The Senior Systems Administrator completes efforts and projects related to the design, installation, operation, support, upgrades and maintenance of infrastructure, including software, servers, networking and storage. Administers, maintains and supports complex and critical infrastructure. This role provides user support for server hosting requests, problem resolution, system changes and upgrades. The incumbent analyzes infrastructure performance and resolves problems or makes appropriate recommendations. This role ensures that all aspects of operability are delivered as part of the implementation process while also ensuring that existing service level is maintained or improved. Contributes to and ensures full compliance to operational standards, procedures and best practices.
- This position is responsible for the operation and maintenance of Northwestern University’s Research Computing Infrastructure, consisting of a Supercomputing (HPC) system, multiple on premise server and application environments, and cloud based research computing hosted in Amazon Web Services (AWS). Actively participate in the acquisition, installation, and management of hardware (compute, storage, and network), operating systems (Linux), research and analytical software tools, and Cloud software delivery solutions. Operational aspects of role involve maintaining the environment to optimal working efficiency, scripting and bringing to bear automation tools, administration and monitoring, facilitating and executing “scheduler” related activities, handling support requests, and resolving hardware and software related events.
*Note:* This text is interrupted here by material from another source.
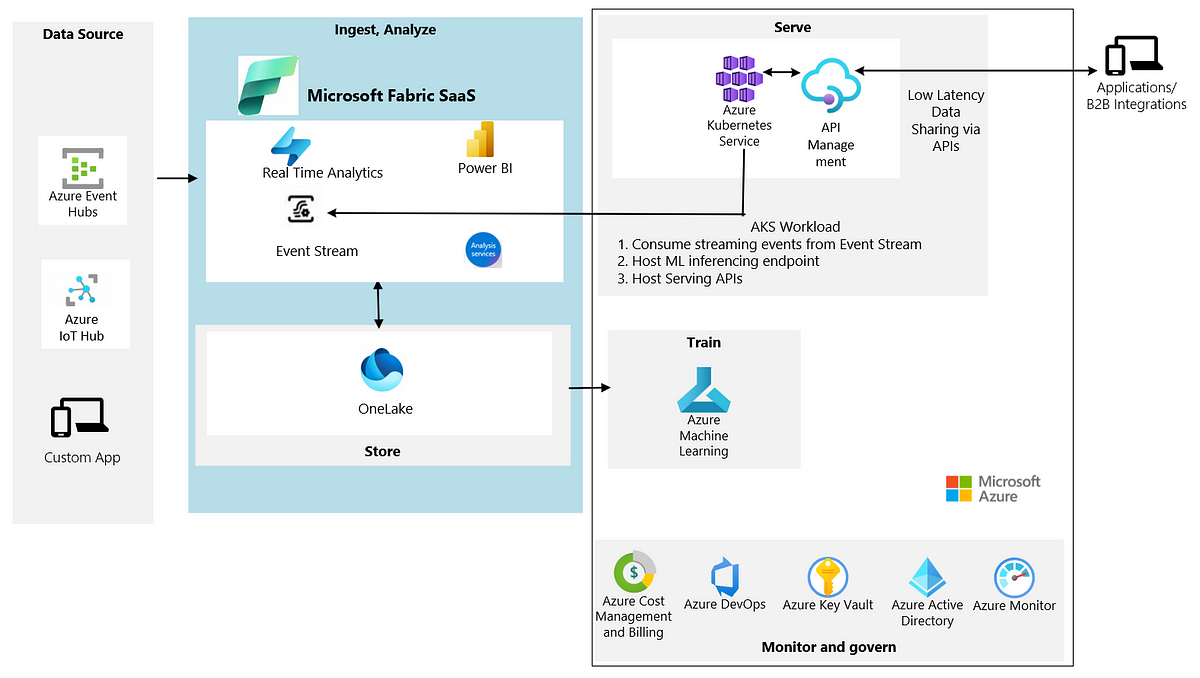 Real time data serving with microsoft fabric apis by vidya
Collaborate regularly with the research computing consulting team, and participate in the creation and execution of standard operating procedures to maintain the integrity and security of on premise and cloud based solutions.
- Leads planning, development, and coordination of operations and projects for current and future infrastructures.
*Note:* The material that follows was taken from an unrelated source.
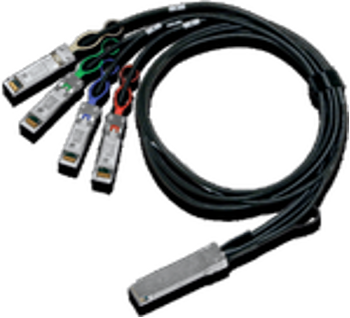 Splitter & Breakout Cables - ProLabs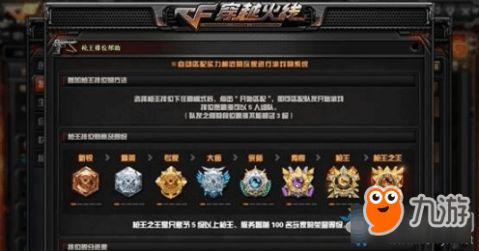 cf段位等级划分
- Anticipates impact of growth and changes in operations, and recommends design and/or process changes.
- Participates in disaster recovery/business continuity planning including backup and recovery procedures and higher availability configurations.
- Maintains awareness of new technologies through publications, outside contacts, and ongoing professional development
- Ensures data/media recoverability by implementing a schedule of system backups and database archive operations.
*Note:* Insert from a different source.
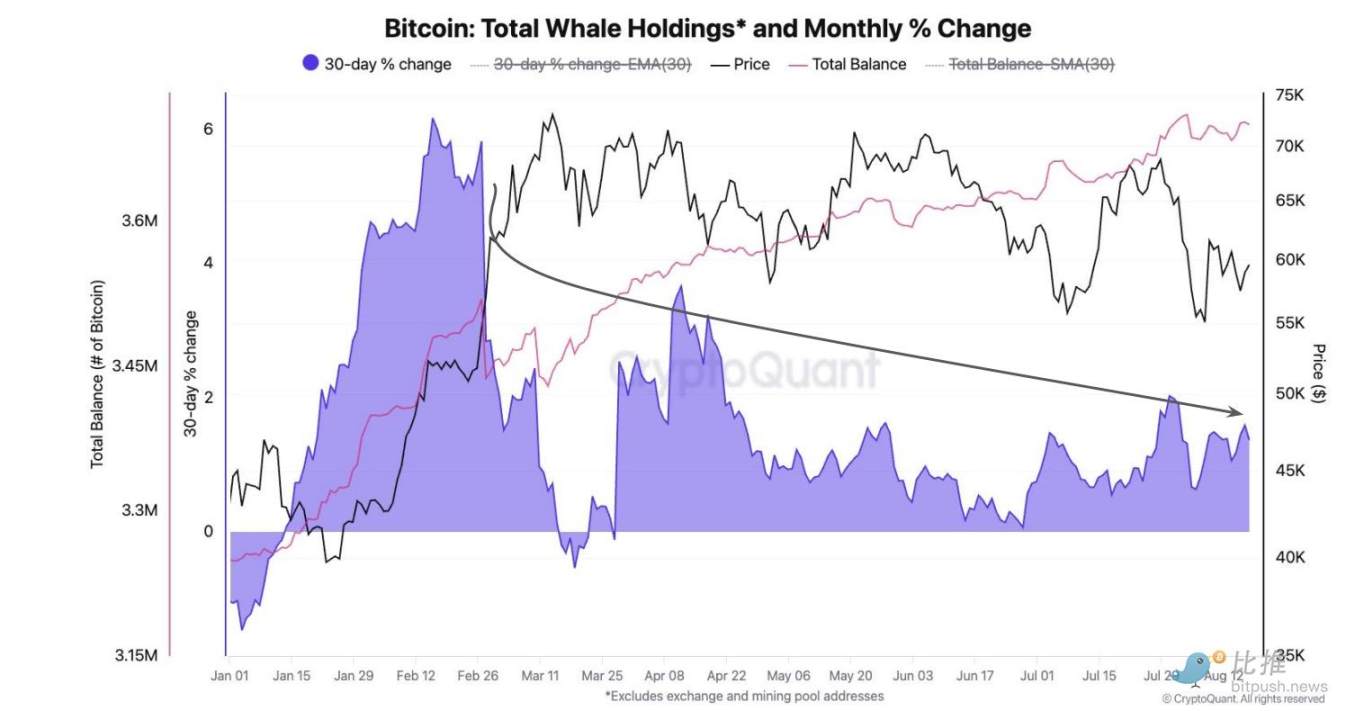 Sự tích lũy của cá voi chậm lại, Bitcoin chạm mức kháng cự 61.000 USD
- Serves as project liaison – implementations or upgrades, acts as the focal point for communications between our team and the Project Leader.
- Facilitates coordination and a thorough understanding of requirements, attends project meetings, creates written meeting notes, creates appropriate ticketing, etc.
- Maintains policies and standard procedures to increase system uptime.
- Identifies training needs and keeps current on application technologies.
- Monitors security alerts and ensures that appropriate patches are applied in an automated and timely fashion; works with developers to patch or upgrade custom code for security compliance.
- Documents and maintains system standards; researches and recommends innovative approaches for system administration tasks.
- Creates and maintains standard OS installation images for virtualization templates.
- Administration and support of Supercomputing (HPC) hardware (servers, network components, firewalls), operating system (Linux), utilities, and analytical software tools, storage, and backup system
- Facilitation of HPC and research compute “scheduler” toolset and activities
- Cloud computing services configuration and support
- Monitors application performance on servers.
- Evaluates and manages appropriate software and hardware allocations to achieve an optimum performance level.
- Performs capacity planning for projecting future growth.
- In collaboration with development project teams, builds, rebuilds, and/or updates servers and configures hardware and virtual machines (VM), applications, peripherals, services, networking, storage.
- Participation in the implementation and support of cloud based research computing services (Primarily in AWS)
- Leads troubleshooting of application, operating system(s) server hardware, network communications and storage problems within infrastructure.
- Provides a second level of support; leads service incident and problem resolution efforts to support entrusted applications/products.
- Provides user support on deployed servers.
- Consults on best practices to users.
- Provides data and metrics to support sizing requirements and performance tuning decisions. Participate in related decision processes with managers and leads.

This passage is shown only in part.